Data supplied Block Start
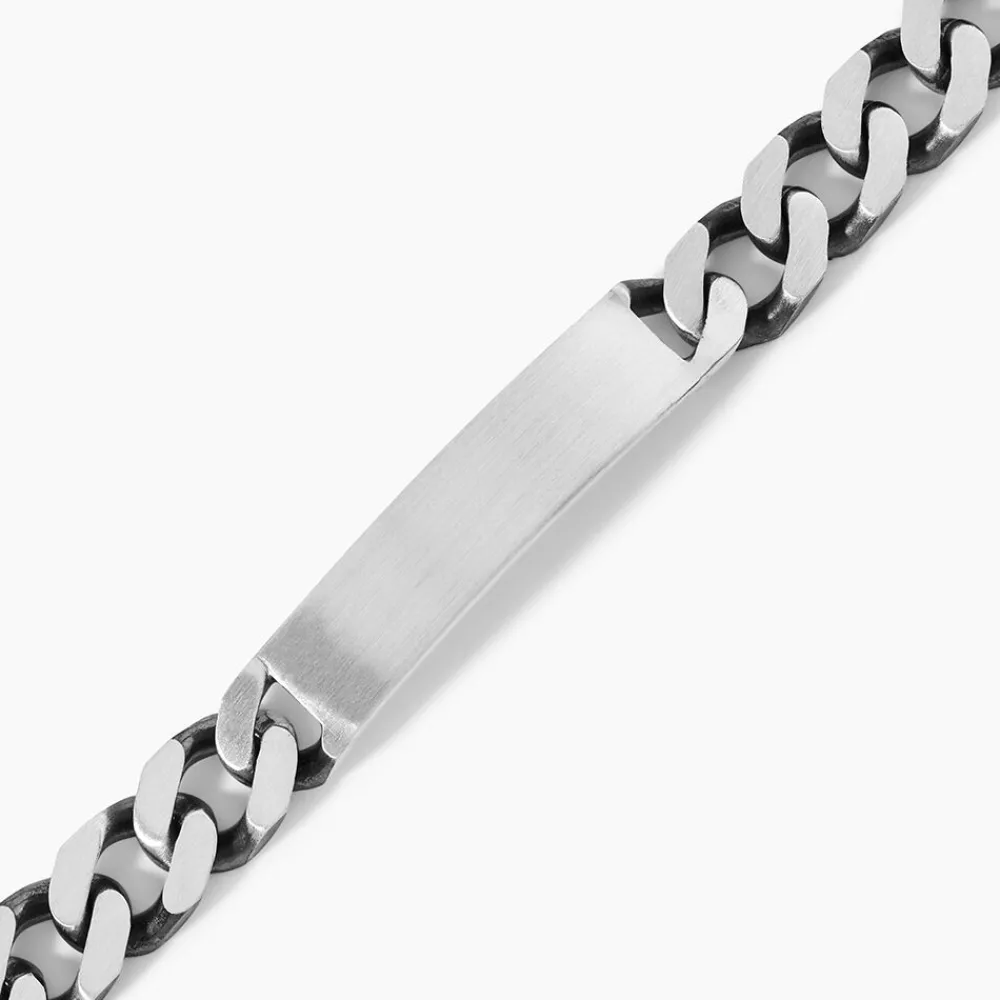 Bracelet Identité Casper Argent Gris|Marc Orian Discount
Data supplied Block End
Data supplied Block Start
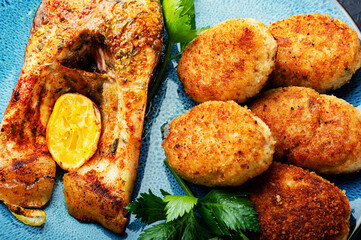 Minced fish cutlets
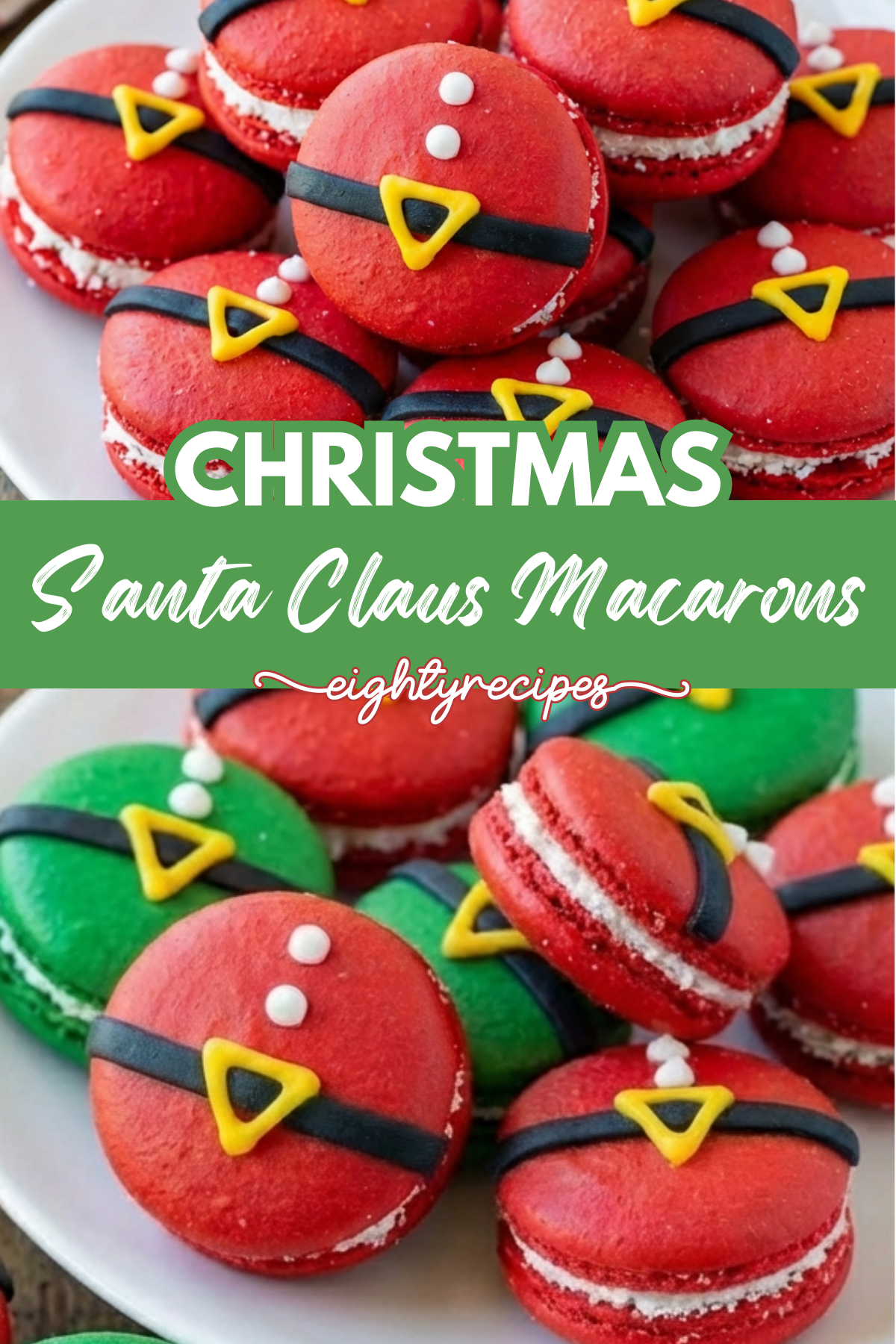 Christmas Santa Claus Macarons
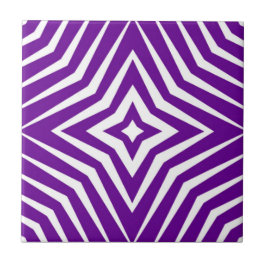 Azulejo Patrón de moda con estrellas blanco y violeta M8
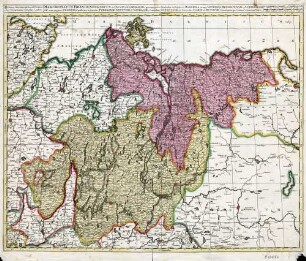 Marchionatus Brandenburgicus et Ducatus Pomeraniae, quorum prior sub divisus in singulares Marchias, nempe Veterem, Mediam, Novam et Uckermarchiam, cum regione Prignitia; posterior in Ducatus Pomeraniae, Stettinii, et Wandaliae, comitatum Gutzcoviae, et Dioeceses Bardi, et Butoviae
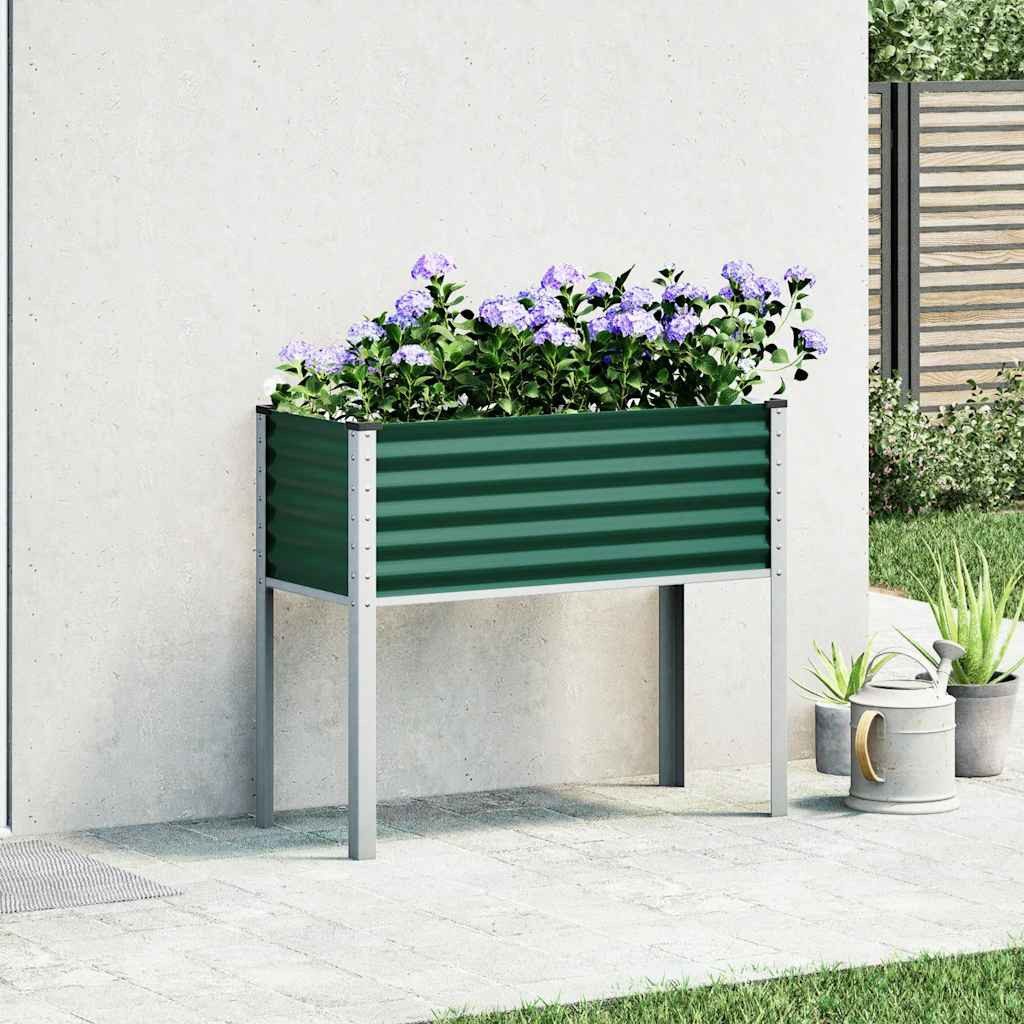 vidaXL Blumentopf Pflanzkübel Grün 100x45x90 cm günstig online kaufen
Data supplied Block End
■ **Work instruction**: When copying from the data above, begin at the line containing "Marchionatus Brandenburgicus et" and end at the line containing "vidaXL Blumentopf Pflanzkübel"; return those lines exactly and leave all pictures behind.

■ **Written solution**:
 Marchionatus Brandenburgicus et Ducatus Pomeraniae, quorum prior sub divisus in singulares Marchias, nempe Veterem, Mediam, Novam et Uckermarchiam, cum regione Prignitia; posterior in Ducatus Pomeraniae, Stettinii, et Wandaliae, comitatum Gutzcoviae, et Dioeceses Bardi, et Butoviae
 vidaXL Blumentopf Pflanzkübel Grün 100x45x90 cm günstig online kaufen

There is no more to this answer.